## Raw data
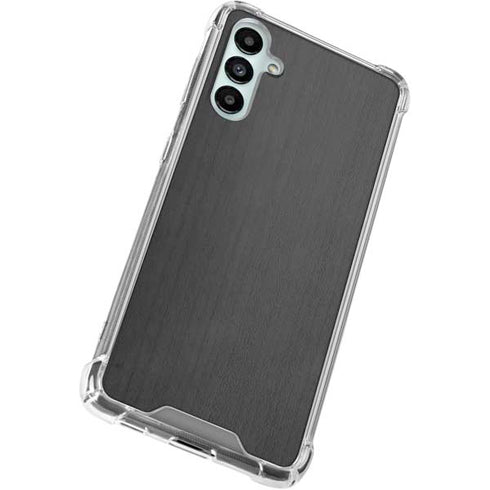 Ebony Wood Gabb Phone 4 Clear Case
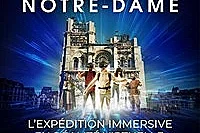 Éternelle Notre-Dame : Une expédition immersive en réalité virtuelle à la Maison de l'Immersif
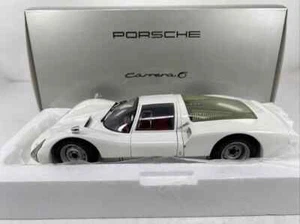 1/18 Minichamps 1966 Porsche Carrera 6 Dealer Exclusive Part # WAP0210100C RARE - Picture 1 of 15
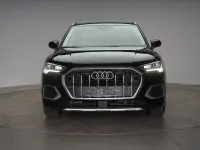 Gebraucht Audi Q3 Advanced 150 PS (110 kW) 2020 Schwarz SUV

## Work to complete
Beginning with the line containing "1/18 Minichamps 1966" and ending with the last line of the material, output each line exactly; do not include pictures.

## Answer area
 1/18 Minichamps 1966 Porsche Carrera 6 Dealer Exclusive Part # WAP0210100C RARE - Picture 1 of 15
 Gebraucht Audi Q3 Advanced 150 PS (110 kW) 2020 Schwarz SUV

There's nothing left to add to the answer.